(HOW TO COMPLETE THIS TASK): Once you reach the line containing "Apartamento T3 para", return it and every line after it exactly, through the end of the records below, with no pictures.

(Short text fragments from websites)

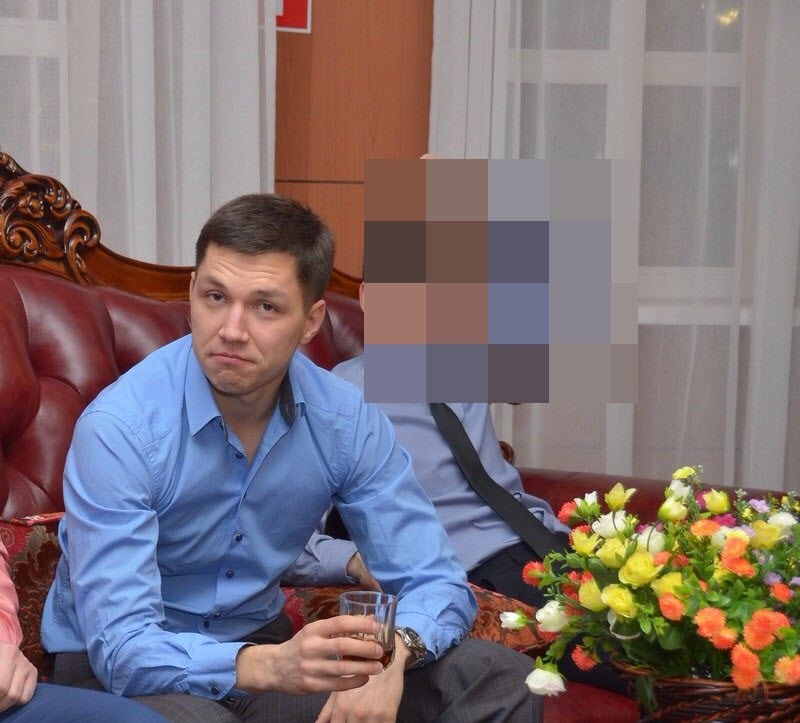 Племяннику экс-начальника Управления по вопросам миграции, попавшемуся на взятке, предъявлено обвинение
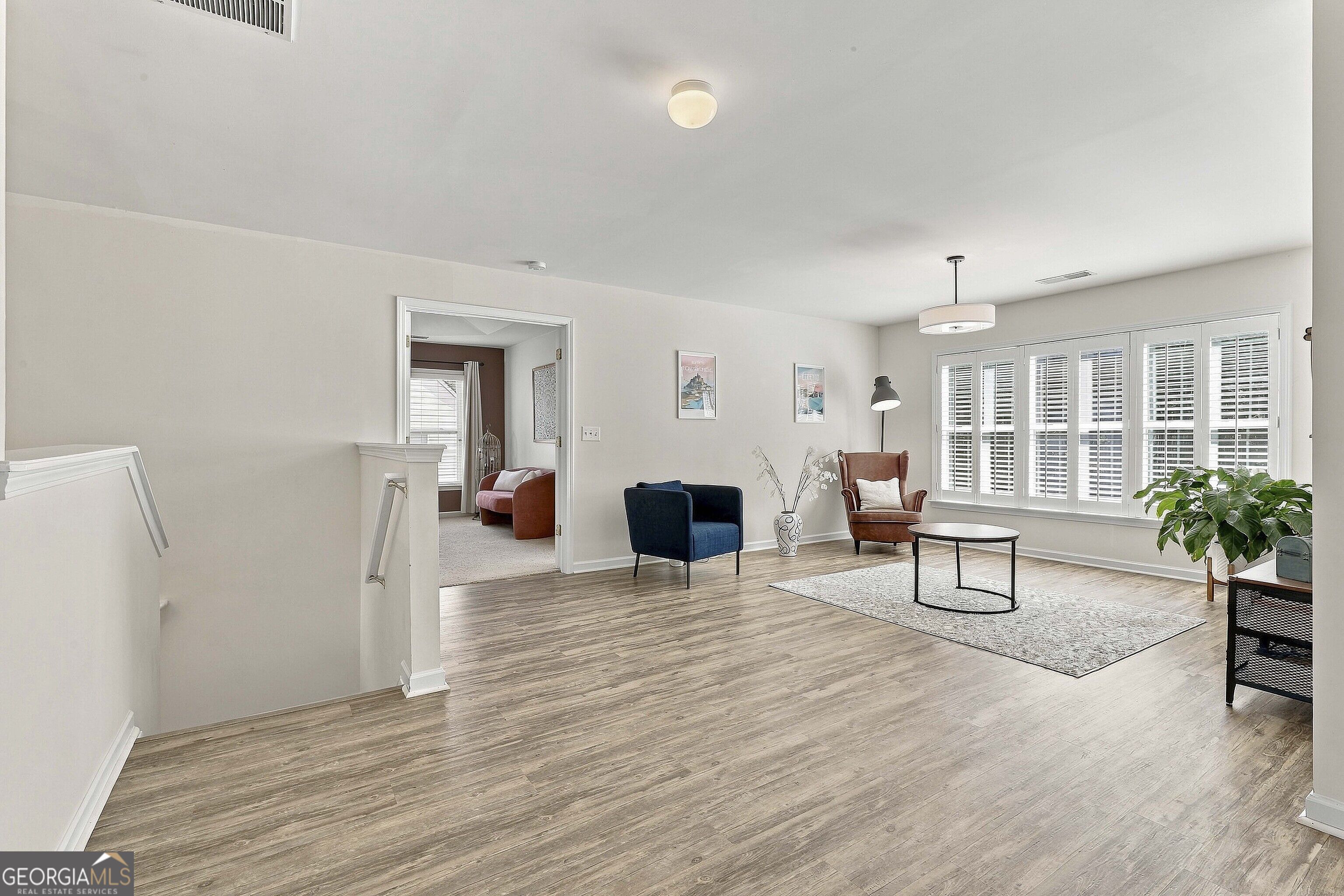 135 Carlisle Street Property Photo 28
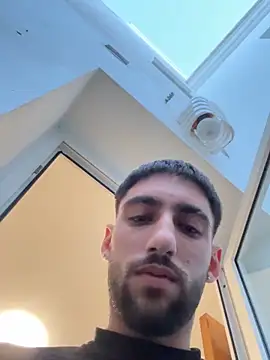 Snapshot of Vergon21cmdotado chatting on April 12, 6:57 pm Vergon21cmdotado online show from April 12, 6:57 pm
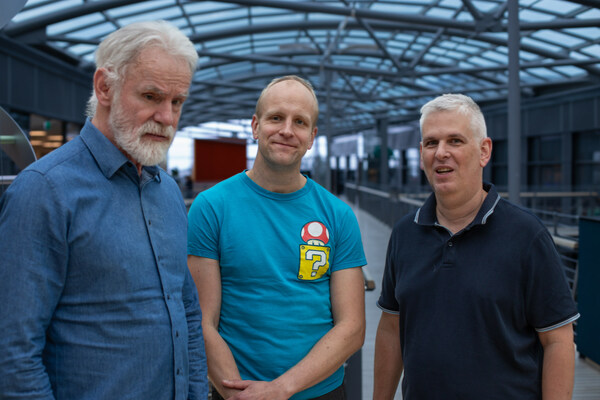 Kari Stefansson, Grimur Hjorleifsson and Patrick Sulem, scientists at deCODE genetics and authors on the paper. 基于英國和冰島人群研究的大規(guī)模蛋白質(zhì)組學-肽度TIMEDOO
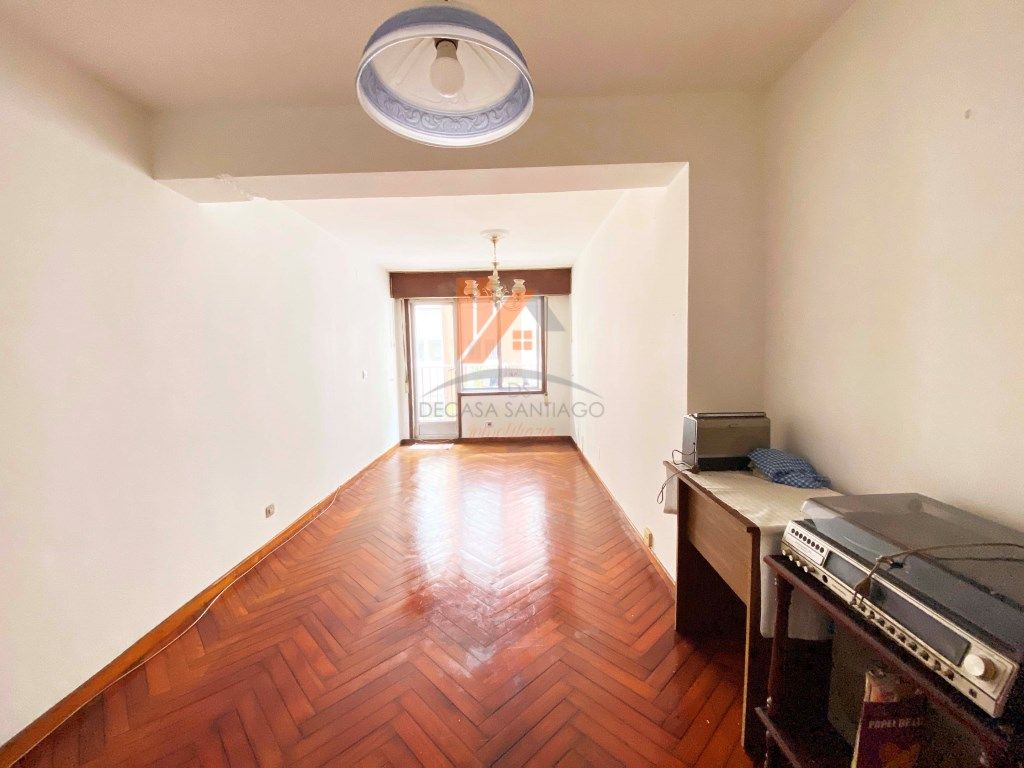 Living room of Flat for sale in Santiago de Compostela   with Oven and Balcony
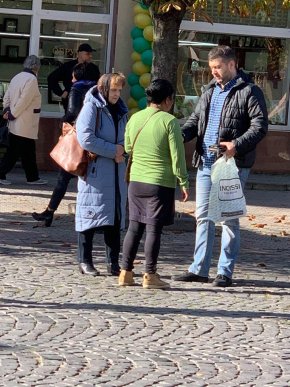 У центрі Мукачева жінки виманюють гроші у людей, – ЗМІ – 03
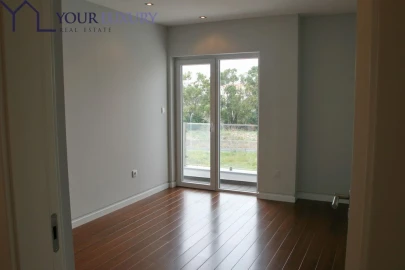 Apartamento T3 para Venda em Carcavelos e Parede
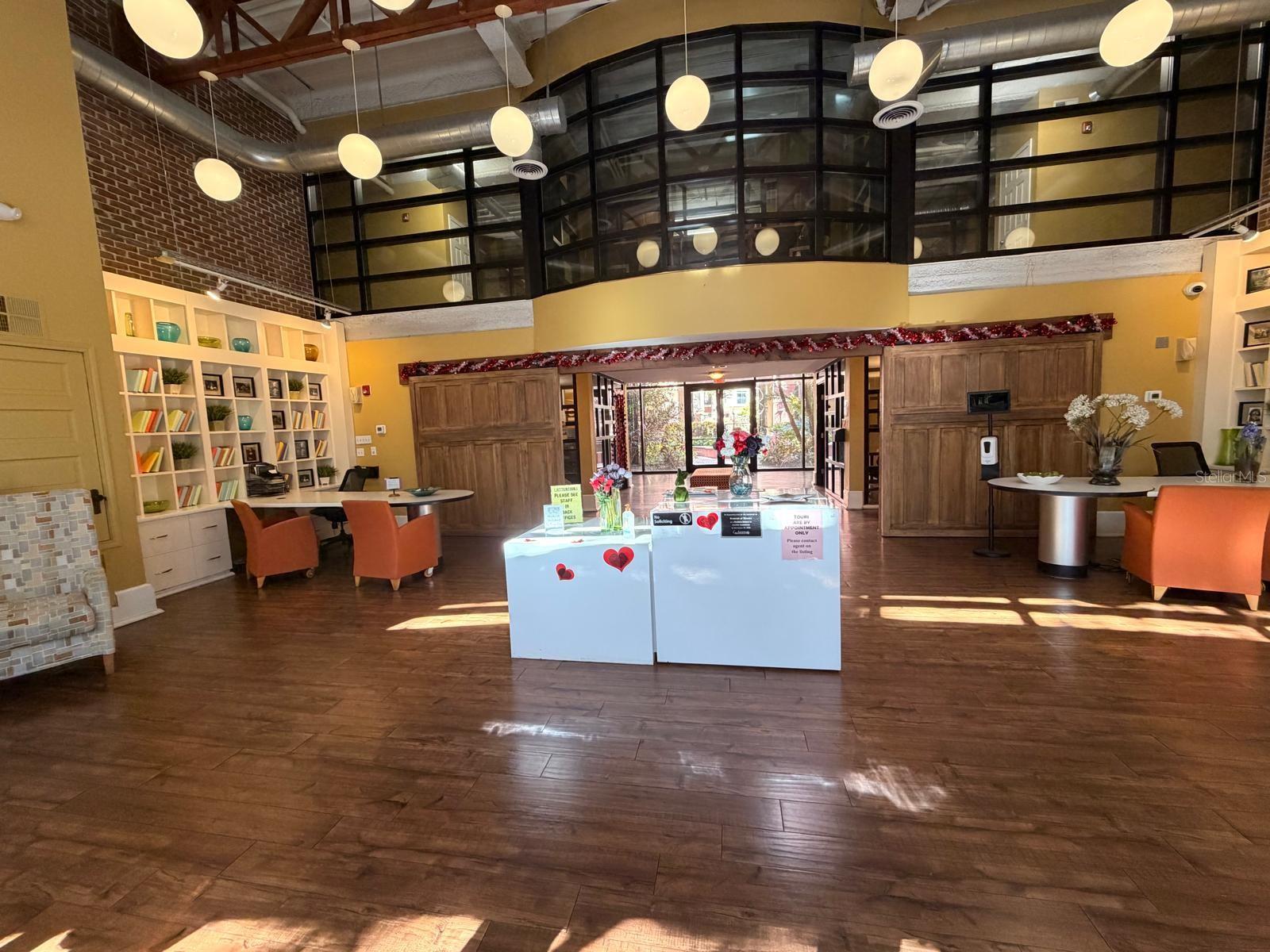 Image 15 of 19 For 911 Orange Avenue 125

(SOLUTION FOR THIS EXERCISE):
 Apartamento T3 para Venda em Carcavelos e Parede
 Image 15 of 19 For 911 Orange Avenue 125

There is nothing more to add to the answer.